La Grande Chambre a souligné qu'en définissant les situations dans lesquelles un disclaimer peut être admis elle a veillé à ce que le motif justifiant un disclaimer ne soit pas lié à l'enseignement de l'invention.
Elle n'a pas partagé l'avis selon lequel, partant du postulat qu'un disclaimer se borne toujours à renoncer à une partie de l'invention, il peut être utilisé à n'importe quelle fin, à savoir également pour exclure des modes de réalisation qui ne fonctionnent pas.
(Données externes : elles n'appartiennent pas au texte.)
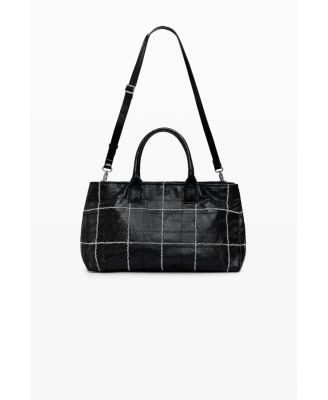 Women's Medium shiny shopper bag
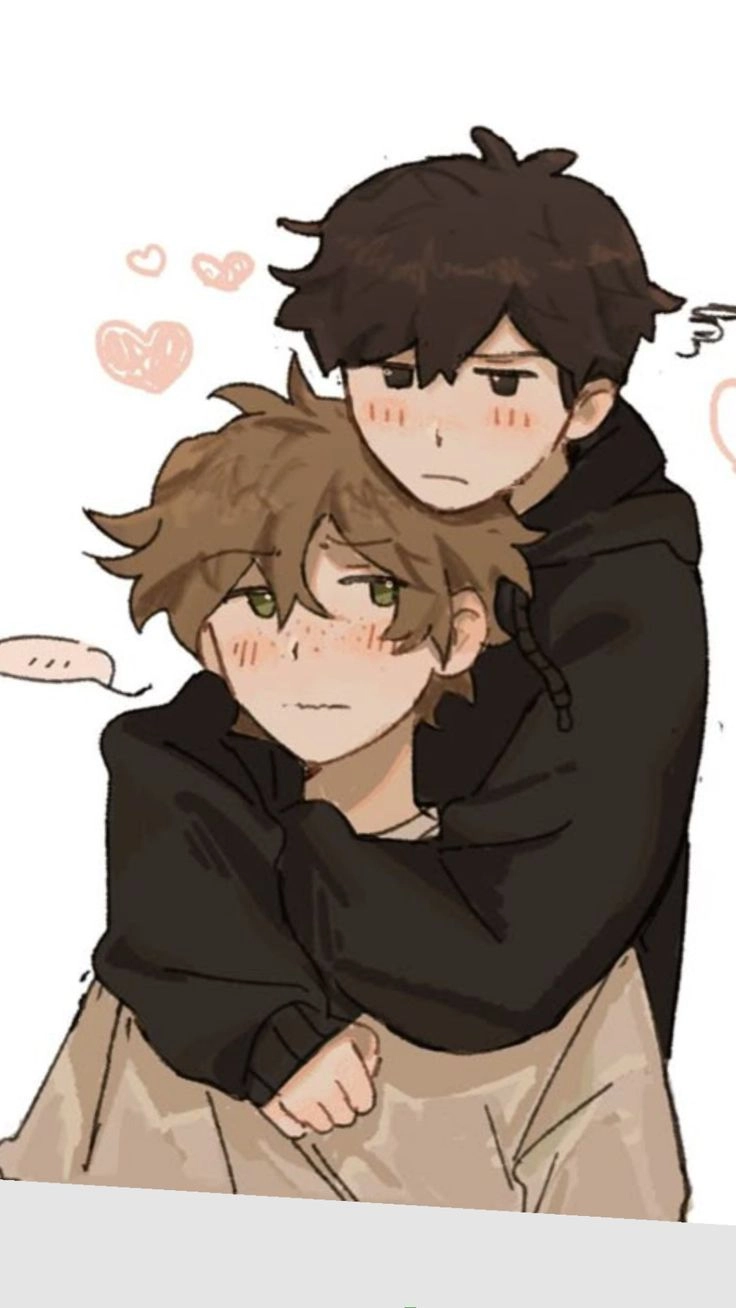 A couple of people that are hugging each other.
Elle a estimé qu'une revendication comprenant des modes de réalisation qui ne fonctionnent pas peut entraîner, suivant les circonstances, des conséquences différentes.
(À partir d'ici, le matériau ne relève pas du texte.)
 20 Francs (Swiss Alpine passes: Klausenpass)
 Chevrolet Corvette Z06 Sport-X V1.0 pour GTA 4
De l'avis de la Grande Chambre de recours, lorsqu'il existe un grand nombre de variantes concevables et que le fascicule contient des informations suffisantes sur les critères permettant de trouver au prix d'un effort raisonnable les variantes appropriées dans le domaine revendiqué, la présence de certains modes de réalisation qui ne fonctionnent pas n'est pas préjudiciable. Il n'est donc ni utile, ni nécessaire d'introduire un disclaimer.
Si tel n'est pas le cas et que l'invention revendiquée ne puisse pas être reproduite, cette question peut devenir pertinente eu égard aux exigences d'activité inventive et de suffisance de l'exposé. Il importe que l'invention remplisse cette condition à la date de dépôt ou de priorité et il ne peut être remédié à une quelconque irrégularité en la matière durant la procédure devant l'OEB (revirement de la jurisprudence établie dans T 170/87 et T 313/86).
L'approche plus restrictive adoptée dans la décision T 323/97 a ainsi été rejetée ; selon cette approche, la modification d'une revendication qui ne trouve aucun fondement dans la demande telle que déposée et vise à différencier davantage l'objet revendiqué de l'état de la technique, est contraire à l'art. 123(2) CBE 1973. De plus, le cadre déterminant l'admissibilité des disclaimers a été défini de manière plus précise, ce qui a eu pour effet de rendre caduque une partie de la jurisprudence antérieure (cf. T 313/86, T 623/91, T 1050/93). Conformément à cette jurisprudence, un disclaimer devait également être admis si un domaine partiel de l'objet de l'invention défini en fonction de domaines devait être exclu non pas en raison de l'état de la technique, mais du fait qu'il ne résolvait pas le problème technique.